━━━ EXERCISE INPUTS ━━━

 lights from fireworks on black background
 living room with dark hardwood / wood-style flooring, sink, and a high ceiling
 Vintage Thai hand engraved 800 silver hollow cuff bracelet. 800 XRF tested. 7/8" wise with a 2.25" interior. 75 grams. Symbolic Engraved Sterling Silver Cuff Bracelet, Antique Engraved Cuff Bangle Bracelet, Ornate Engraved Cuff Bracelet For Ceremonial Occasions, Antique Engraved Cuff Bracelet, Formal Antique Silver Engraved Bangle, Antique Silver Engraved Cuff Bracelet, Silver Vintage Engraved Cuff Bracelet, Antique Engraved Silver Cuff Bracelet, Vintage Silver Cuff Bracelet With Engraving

━━━
━━━ EXERCISE INPUTS ━━━

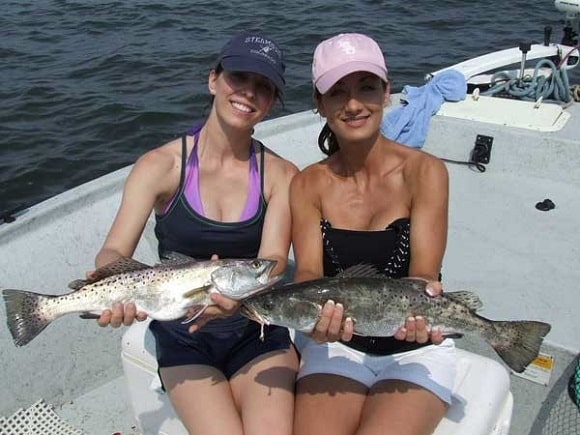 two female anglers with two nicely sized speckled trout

━━━
━━━ EXERCISE INPUTS ━━━

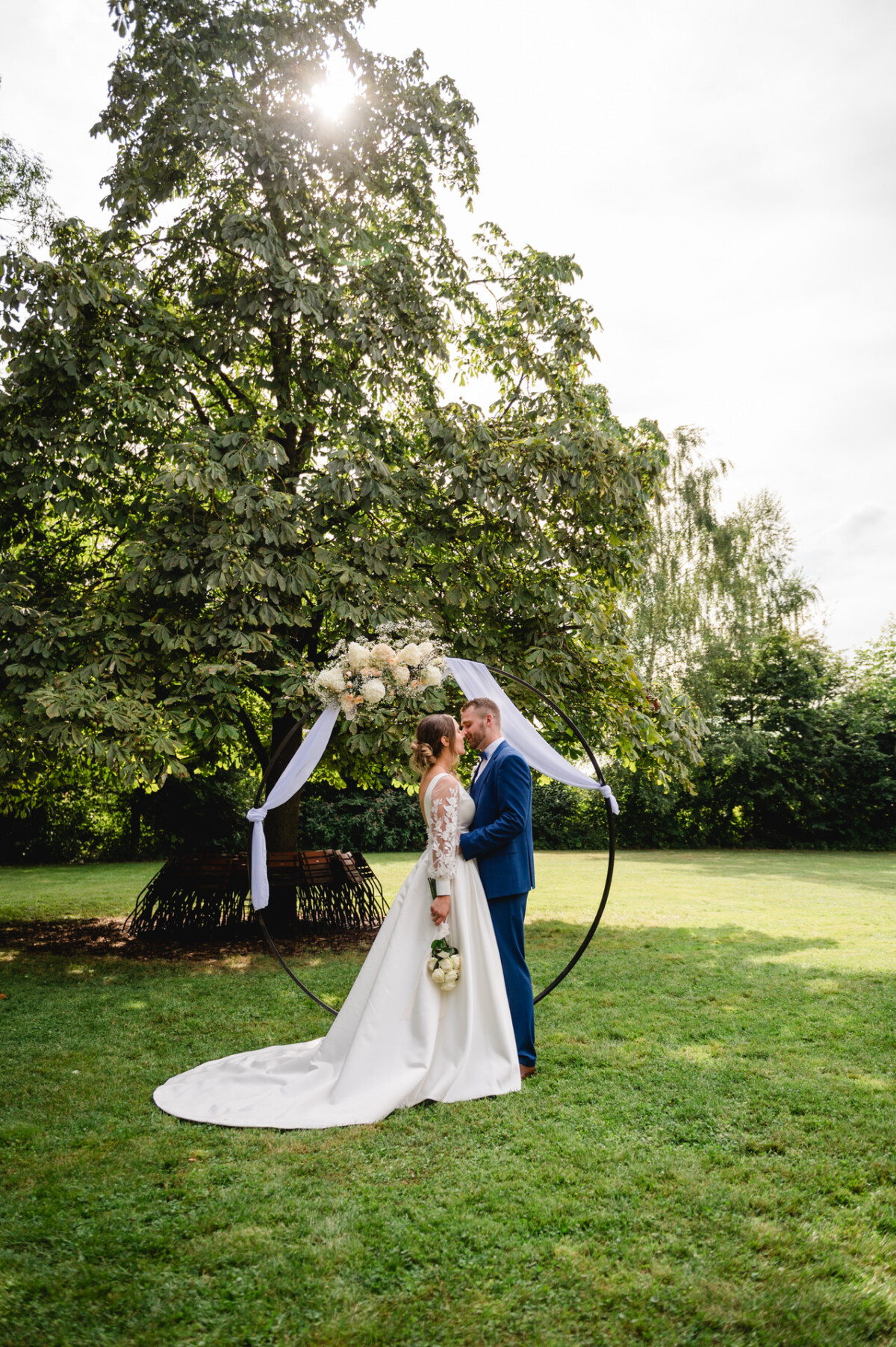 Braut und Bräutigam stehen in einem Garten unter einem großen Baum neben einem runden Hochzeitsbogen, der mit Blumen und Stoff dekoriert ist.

━━━

▸ **EXERCISE**:
In your answer, include only the lines above starting at the line that holds "lights from fireworks on black background" and ending at the line that holds "Vintage Thai hand", copied exactly.

▸ **ANSWER BOX**:
 lights from fireworks on black background
 living room with dark hardwood / wood-style flooring, sink, and a high ceiling
 Vintage Thai hand engraved 800 silver hollow cuff bracelet. 800 XRF tested. 7/8" wise with a 2.25" interior. 75 grams. Symbolic Engraved Sterling Silver Cuff Bracelet, Antique Engraved Cuff Bangle Bracelet, Ornate Engraved Cuff Bracelet For Ceremonial Occasions, Antique Engraved Cuff Bracelet, Formal Antique Silver Engraved Bangle, Antique Silver Engraved Cuff Bracelet, Silver Vintage Engraved Cuff Bracelet, Antique Engraved Silver Cuff Bracelet, Vintage Silver Cuff Bracelet With Engraving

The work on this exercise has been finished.